This is a recipe I developed recently that is mentioned in a guest post I wrote for the blog Happy Lifeaholic titled, “Why I bake bread in a pizza oven but have never owned a microwave … and other cooking stories” which you may read here.
(recipe adapted from a mash-up of the Round Country Bread recipe in The Il Fornaio Baking Book and what was in my refrigerator at the time …)
1-1/2 tsp. yeast
1/2 cup warm water
7 cups white flour
1 Tbsp. salt
2 cups cool water
1 cup Biga* or sourdough starter
1 cup caramelized onions**
Dissolve the yeast in warm water in a small bowl. Set aside for 15 minutes.
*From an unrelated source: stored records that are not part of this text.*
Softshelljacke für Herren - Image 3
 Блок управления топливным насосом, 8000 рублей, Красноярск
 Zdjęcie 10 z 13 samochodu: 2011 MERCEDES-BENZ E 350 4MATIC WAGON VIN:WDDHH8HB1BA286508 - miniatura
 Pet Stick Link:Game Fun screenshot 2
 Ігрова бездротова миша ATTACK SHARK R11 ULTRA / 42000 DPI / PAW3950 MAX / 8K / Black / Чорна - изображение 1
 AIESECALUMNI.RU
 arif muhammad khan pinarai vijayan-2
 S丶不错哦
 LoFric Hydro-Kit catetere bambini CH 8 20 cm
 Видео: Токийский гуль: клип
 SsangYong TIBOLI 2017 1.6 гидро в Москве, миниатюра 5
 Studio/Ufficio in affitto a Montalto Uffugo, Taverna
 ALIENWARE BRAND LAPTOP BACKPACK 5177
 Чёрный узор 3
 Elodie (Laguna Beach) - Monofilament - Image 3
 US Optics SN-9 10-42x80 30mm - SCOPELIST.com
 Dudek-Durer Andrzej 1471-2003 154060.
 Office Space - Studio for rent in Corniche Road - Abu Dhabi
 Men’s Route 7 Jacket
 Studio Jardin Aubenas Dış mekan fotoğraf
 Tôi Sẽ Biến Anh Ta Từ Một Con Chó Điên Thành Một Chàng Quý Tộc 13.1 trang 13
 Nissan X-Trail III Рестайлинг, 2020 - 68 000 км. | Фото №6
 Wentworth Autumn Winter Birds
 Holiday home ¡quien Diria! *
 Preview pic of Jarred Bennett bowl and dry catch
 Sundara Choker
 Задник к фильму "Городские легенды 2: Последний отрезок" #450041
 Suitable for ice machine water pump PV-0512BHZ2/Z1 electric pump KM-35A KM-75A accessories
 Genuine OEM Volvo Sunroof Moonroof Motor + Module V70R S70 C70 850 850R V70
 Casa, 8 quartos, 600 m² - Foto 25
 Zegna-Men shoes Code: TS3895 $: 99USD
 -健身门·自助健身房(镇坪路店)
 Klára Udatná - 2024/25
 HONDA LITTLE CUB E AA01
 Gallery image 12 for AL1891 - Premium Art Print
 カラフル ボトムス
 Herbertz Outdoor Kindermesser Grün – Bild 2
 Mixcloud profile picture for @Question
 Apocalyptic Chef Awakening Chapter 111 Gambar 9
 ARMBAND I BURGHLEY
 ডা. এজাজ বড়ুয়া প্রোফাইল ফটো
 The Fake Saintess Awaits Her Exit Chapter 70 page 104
Stir 4 cups of flour and salt together in a large mixing bowl. Form a well in the centre and add the yeast mixture, cool water, Biga and caramelized onions (including oil they were cooked in). Mix together and add remainder of flour as needed until it all comes together fairly easily.
Knead for as long as you can (and this is where my Kitchen Aid with the dough hook comes in handy!) The longer you knead bread dough, the better the overall bread will be. I usually knead for 8 minutes altogether with the kitchen machine; 15-20 minutes if kneading by hand. Once you’ve been making bread long enough you can tell by the feel of the dough when it’s been kneaded enough.
Rub a large bowl with olive oil, form the dough into a ball and place in the bowl. Turn the dough so it is evenly coated with oil then cover the bowl with plastic wrap and lay a kitchen towel over it. Allow the dough to rise at room temperature until double, about 1-1/2 hours. (These rising times and temperatures also depend upon where you live and your altitude above sea level. I’m baking AT sea level, for instance. So you may need to adjust some of this method accordingly.)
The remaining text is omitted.